Les deux artistes ont poussé tellement loin le concept de collaboration qu’il est pratiquement impossible de déterminer lequel fait quoi. Nous sommes dans le maillage pur de l’espace, je pourrais dire « pavage » mais le terme est un poil trop rugueux pour illustrer un son aussi fluide. Ces messieurs ne sont pas des habitués du field recording, et ne sont pas non plus allés dans le ciel pour figer des microphones sur les cumulonimbus. Aurora Liminalis est un canevas de boucles, de bandes et de sources. Pas toutes en décomposition.
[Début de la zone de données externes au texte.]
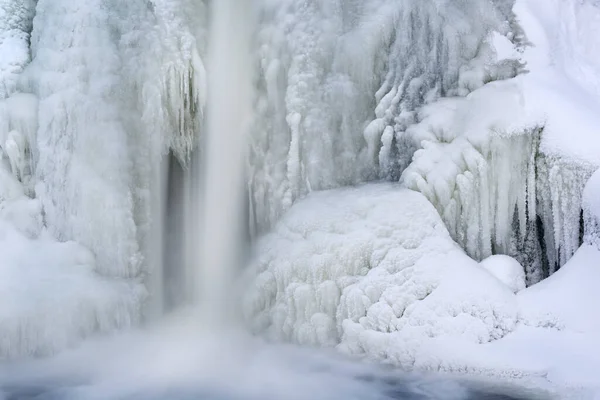 Paisaje Invernal Cascada Comstock Creek Enmarcada Por Hielo Capturada Con — Foto de Stock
Si la terre est un barrio, le ciel fige l’oeil de ceux qui y cherchent un refuge. Cette vague immensité reçoit même les prières souvent hypocrites de terriens en détresse. De toutes les inventions de l’homme, je doute qu’aucune n’ait été aussi facile que celle du ciel disait Lichtenberg. Lincoln, tout aussi controversé, lui répondait qu’il comprenait qu’on soit athée en regardant la terre, mais ne comprenait pas qu’on puisse lever la nuit les yeux au ciel et dire qu’il n’y a point de Dieu. Deux représentations s’affrontent depuis toujours, même si de tout temps, l’humain veut voir ce qui se cache « derrière » la terre comme le ciel. Les deux artistes s’en foutent. L’art n’a cure des desseins des hommes.
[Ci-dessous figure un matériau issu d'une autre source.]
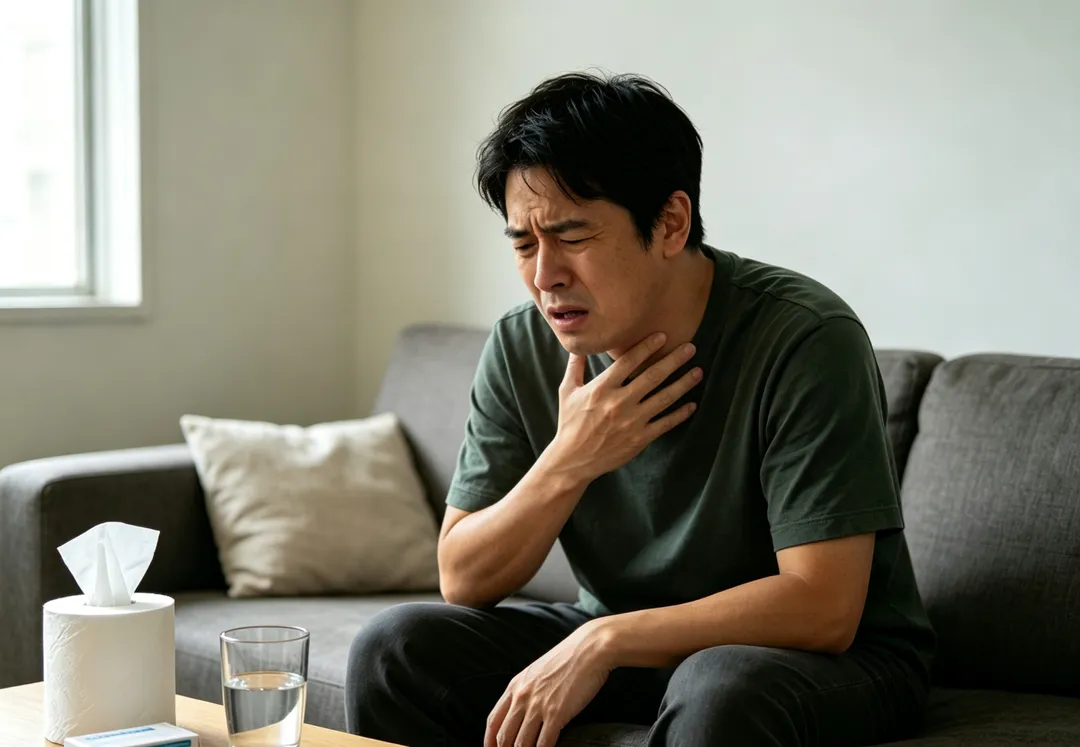 感冒時的「卡痰感」不一定來自肺部，鼻涕倒流、口乾及咽喉發炎都可能造成類似感覺。（示意圖／AI生成圖）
Tracer une fine fosse rectiligne dans les béances du ciel ombragé et contempler ce qui s’en déverse. Lumière volatile qui tente de s’échapper. Souffle, cendres et eau. Les drones s’effleurent tendrement pour lâcher leur lot de fréquences subtilement métalliques. Peu à peu, le champ magnétique se crée, re-définit les lois de la pesanteur et de l’attraction. Les graves percent en toute rondeur, maintiennent, malgré le détail impressionnant de micro-sons aux alentours, un équilibre troublant en place. On s’accroche au moindre fragment céleste comme le pénitent à ses croyances. Après l’intelligente confusion, ballet de spectres romantique, des parfums de paix calme exhalent le moindre mouvement lent. Au loin, des éléments pulsatils et des sages gargarismes célestes viennent troubler comme il faut cette volupté béate. Une fumée blanche s’échappe, même sans suite à la moindre démission. Le ciel ne s’éclaircit pas, tant que le tonnerre (aussi sage soit-il) a la main mise. Une pluie minérale s’abat avec amour sur la couche des hommes. Les masses se gorgent d’électricité statique. Des fréquences sursautent. Le rêve est fini. Balayés par un vent sec les yeux s’ouvrent. Pas de météorite en vue. Le jour se lève, demain te bouscule. Tu ne te réveilles pas. Comme d’habitude.
Certains décrèteront cette musique comme « élitiste ». Elle démontrera bien sûr toute sa splendeur sur une installation de très bon niveau. Pas au casque, l’isolement n’est pas prescrit, tout comme le mp3. L’envahissement de l’espace, oui. Cette musique n’est pas élitiste car elle ne fait pas mystère de son contenu, pragmatique et minimaliste. Elle est juste exigeante. C’est un passeport pour l’audiophilie. On n’atteint pas le ciel d’un simple saut. Basinski et Chartier ont érigé l’escalier pour l’atteindre. A vous de faire le reste.